Brewing in Scotland goes back 5,000 years; it is suggested that ale could have been made from oats at Skara Brae and at other sites dated to the Neolithic. The ale would have been flavoured with meadowsweet in the manner of a Kvass or Gruit made by various North European tribes including the Celts and the Picts.
The ancient Greek Pytheas remarked in 325 BC that the inhabitants of Caledonia were skilled in the art of brewing a potent beverage.

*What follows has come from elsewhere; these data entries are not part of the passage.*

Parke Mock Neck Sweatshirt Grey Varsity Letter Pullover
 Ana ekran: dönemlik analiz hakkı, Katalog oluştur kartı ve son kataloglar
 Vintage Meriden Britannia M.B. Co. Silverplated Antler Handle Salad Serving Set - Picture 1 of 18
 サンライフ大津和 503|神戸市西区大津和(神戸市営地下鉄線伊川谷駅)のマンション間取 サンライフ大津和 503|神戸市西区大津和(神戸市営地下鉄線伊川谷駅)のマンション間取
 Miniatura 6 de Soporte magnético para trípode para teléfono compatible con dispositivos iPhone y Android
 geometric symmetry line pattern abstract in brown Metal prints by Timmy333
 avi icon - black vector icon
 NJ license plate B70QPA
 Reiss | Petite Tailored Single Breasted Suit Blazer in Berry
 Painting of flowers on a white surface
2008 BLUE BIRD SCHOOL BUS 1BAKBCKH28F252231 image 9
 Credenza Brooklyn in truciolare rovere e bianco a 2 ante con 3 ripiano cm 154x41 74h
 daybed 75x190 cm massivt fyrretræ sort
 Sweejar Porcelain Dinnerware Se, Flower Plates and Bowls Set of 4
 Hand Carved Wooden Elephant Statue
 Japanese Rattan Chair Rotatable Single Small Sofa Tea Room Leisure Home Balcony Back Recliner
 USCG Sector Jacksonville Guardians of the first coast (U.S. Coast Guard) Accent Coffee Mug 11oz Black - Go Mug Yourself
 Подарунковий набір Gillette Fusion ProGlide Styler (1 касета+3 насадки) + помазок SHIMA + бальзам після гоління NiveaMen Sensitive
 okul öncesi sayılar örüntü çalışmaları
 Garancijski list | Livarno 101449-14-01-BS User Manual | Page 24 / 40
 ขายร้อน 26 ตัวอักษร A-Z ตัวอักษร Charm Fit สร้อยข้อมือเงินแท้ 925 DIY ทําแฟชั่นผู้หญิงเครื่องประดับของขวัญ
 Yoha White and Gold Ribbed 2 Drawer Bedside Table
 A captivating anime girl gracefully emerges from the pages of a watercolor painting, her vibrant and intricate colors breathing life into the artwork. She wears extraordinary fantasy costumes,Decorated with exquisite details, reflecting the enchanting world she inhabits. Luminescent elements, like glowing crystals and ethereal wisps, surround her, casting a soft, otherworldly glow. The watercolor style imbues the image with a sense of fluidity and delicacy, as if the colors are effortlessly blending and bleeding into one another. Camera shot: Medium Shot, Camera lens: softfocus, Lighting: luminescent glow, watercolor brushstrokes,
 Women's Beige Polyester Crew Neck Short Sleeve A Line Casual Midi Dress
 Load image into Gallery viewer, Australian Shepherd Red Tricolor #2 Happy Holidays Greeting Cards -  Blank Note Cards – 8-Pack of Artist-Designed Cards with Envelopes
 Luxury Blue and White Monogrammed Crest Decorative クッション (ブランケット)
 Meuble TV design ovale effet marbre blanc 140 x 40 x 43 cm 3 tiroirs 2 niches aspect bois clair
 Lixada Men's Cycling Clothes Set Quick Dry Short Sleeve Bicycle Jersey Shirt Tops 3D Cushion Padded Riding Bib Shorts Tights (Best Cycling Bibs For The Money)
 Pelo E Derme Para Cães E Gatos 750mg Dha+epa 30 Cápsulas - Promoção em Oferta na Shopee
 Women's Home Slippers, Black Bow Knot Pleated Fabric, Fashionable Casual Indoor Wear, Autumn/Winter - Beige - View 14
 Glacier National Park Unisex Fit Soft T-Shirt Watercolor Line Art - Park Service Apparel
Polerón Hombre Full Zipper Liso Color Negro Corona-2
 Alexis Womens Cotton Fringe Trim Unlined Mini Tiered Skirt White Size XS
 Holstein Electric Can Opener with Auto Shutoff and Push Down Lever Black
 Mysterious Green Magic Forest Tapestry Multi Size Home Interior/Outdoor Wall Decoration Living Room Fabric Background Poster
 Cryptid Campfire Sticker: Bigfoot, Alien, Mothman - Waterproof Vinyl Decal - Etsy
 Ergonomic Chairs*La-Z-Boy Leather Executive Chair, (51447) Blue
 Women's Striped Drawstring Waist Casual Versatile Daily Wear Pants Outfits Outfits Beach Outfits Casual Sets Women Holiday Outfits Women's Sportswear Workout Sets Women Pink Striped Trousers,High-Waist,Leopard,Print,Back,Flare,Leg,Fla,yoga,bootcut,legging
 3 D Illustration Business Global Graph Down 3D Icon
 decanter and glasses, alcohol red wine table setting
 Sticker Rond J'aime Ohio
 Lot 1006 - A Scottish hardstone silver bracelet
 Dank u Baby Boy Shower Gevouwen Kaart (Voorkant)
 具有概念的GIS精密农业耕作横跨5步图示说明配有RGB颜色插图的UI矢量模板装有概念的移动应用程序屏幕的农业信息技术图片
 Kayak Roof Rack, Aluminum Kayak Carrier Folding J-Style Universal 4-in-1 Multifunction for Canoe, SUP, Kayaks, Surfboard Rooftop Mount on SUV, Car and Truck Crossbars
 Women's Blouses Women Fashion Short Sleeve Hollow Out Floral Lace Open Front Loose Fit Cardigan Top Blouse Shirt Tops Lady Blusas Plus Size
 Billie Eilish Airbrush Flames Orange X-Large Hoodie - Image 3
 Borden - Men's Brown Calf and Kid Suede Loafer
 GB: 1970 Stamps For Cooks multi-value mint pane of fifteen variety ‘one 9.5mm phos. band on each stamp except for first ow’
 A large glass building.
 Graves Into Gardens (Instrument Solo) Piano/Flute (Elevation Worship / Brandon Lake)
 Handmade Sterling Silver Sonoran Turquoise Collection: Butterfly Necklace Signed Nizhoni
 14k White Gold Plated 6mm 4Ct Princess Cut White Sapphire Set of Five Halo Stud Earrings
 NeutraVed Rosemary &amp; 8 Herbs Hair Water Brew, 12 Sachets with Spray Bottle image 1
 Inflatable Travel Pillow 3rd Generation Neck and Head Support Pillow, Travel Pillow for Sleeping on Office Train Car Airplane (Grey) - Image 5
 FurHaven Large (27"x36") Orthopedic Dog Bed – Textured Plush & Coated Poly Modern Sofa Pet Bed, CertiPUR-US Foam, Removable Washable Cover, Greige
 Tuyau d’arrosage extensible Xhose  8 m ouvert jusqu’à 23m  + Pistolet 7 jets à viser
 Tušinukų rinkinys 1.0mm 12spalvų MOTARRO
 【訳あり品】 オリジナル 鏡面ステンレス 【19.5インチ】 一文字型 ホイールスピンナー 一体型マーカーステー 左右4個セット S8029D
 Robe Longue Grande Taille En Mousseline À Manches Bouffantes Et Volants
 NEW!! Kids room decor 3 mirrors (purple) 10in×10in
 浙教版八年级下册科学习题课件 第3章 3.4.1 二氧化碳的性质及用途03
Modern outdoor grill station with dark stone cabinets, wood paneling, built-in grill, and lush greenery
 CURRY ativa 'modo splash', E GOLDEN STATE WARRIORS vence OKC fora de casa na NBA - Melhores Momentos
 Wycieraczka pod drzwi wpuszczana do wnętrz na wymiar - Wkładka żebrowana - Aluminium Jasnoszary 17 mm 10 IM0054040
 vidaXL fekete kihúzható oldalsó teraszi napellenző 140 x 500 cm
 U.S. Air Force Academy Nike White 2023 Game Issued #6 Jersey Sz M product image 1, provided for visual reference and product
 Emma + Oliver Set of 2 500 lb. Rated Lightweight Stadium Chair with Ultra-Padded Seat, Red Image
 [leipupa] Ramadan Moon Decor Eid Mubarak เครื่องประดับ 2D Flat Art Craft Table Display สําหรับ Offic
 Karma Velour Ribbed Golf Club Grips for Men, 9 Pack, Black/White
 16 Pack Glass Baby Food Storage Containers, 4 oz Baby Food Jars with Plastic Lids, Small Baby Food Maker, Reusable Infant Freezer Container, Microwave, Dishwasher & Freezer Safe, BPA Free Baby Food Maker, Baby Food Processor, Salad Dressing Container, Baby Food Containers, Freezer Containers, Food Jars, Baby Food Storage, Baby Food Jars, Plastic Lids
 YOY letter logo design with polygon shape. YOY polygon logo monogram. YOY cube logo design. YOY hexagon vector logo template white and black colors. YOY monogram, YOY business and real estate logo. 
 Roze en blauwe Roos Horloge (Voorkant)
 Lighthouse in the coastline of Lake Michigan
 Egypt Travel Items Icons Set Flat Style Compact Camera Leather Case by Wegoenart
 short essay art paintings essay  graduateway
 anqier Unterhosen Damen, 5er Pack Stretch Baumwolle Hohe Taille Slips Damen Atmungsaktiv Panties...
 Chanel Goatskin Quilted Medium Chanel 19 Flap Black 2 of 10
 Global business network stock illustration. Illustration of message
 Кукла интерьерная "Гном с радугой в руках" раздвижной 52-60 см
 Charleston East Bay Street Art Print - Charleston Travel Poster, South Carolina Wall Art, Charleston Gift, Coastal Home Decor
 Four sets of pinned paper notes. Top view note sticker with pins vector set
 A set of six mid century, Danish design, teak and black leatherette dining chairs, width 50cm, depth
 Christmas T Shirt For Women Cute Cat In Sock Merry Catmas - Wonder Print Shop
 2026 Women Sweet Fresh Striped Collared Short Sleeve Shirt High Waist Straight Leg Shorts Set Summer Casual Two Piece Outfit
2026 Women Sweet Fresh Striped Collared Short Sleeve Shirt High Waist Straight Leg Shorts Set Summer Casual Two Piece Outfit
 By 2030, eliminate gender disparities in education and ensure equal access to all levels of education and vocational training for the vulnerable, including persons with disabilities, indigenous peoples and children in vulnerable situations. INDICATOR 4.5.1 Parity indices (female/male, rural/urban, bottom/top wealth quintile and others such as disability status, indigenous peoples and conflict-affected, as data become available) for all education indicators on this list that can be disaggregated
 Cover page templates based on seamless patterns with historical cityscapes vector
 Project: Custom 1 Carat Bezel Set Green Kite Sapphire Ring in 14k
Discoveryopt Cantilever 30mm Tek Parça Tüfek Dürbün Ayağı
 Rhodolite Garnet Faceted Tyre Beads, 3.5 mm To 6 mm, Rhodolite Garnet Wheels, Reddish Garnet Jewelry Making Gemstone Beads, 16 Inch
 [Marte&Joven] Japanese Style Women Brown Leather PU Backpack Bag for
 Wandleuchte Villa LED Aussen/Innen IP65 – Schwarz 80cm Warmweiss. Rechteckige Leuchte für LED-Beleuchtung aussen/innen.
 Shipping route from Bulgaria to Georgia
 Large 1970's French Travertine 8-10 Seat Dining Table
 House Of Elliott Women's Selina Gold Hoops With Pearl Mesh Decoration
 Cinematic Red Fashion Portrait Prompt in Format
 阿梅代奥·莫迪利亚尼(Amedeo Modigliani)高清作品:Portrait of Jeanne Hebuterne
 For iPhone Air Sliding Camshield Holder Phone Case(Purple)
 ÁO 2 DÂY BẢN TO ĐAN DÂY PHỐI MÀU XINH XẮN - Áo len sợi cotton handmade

The use of bittering herbs such as heather, myrtle, and broom to flavour and preserve beer continued longer in remote parts of Scotland than occurred in the rest of the UK. Thomas Pennant wrote in A Tour in Scotland (1769) that on the island of Islay "ale is frequently made of the young tops of heath, mixing two-thirds of that plant with one of malt, sometimes adding hops". Though, as in the rest of Britain, hops had replaced herbs in Scotland by the end of the 19th century, this Celtic tradition of using bittering herbs was revived in Brittany, France during 1990 by Brasserie Lancelot, and in Scotland by the Williams Brothers two years later.
Even though ancient brewing techniques and ingredients remained in use later in Scotland than was the practice in the rest of the UK, the general pattern of development was the same, with brewing mainly in the hands of "broustaris", or alewives, and monasteries, just as it was throughout Europe; though, as with brewing ingredients, the trend was for developments to move more slowly.
The Leges Quatuor Burgorum, a code of burgh laws, showed that in 1509 Aberdeen had over 150 brewers – all women; and this compares with figures for London which shows that of 290 brewers, around 40% were men. After the Reformation in the 1560s commercial brewing started to become more organised, as shown by the formation in 1598 of the Edinburgh Society of Brewers. [wiki].